• _TO DO_
Every record should be copied exactly, and the images omitted.

• _Short web captions_
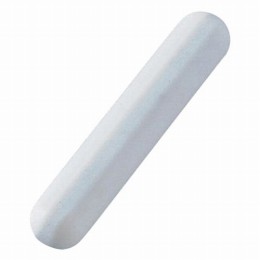 ジャイアント回転子BA371180006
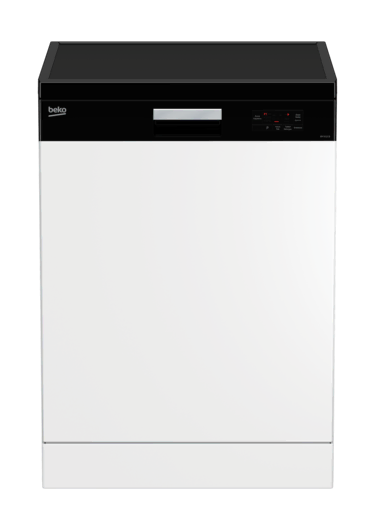 BM 5015 B Bulaşık Makinesi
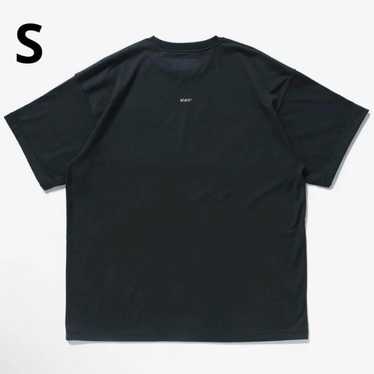 WTAPS ダブルタップス 小物類（その他） 黒 - 3304125E0039 Wtaps ブラック（黒）系 4ページ目 - 海外通販のBUYMA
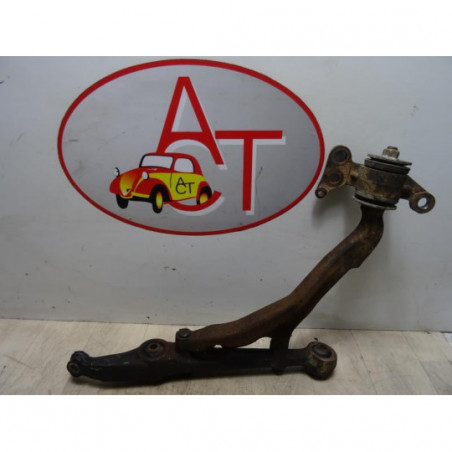 Triangle avant gauche ROVER 400 2 d’occasion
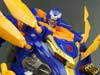 Transformers Go! Gekisoumaru - Image #120 of 214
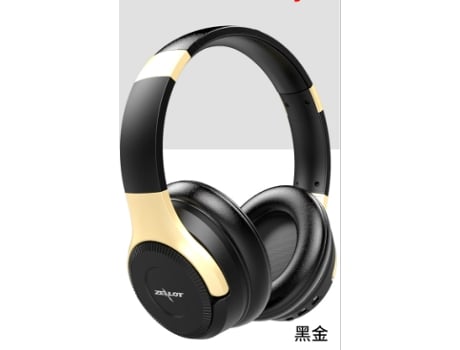 Auriculares ZEALOT b26t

• _ANSWER AREA_
 ジャイアント回転子BA371180006
 BM 5015 B Bulaşık Makinesi
 WTAPS ダブルタップス 小物類（その他） 黒 - 3304125E0039 Wtaps ブラック（黒）系 4ページ目 - 海外通販のBUYMA
 Triangle avant gauche ROVER 400 2 d’occasion
 Transformers Go! Gekisoumaru - Image #120 of 214
 Auriculares ZEALOT b26t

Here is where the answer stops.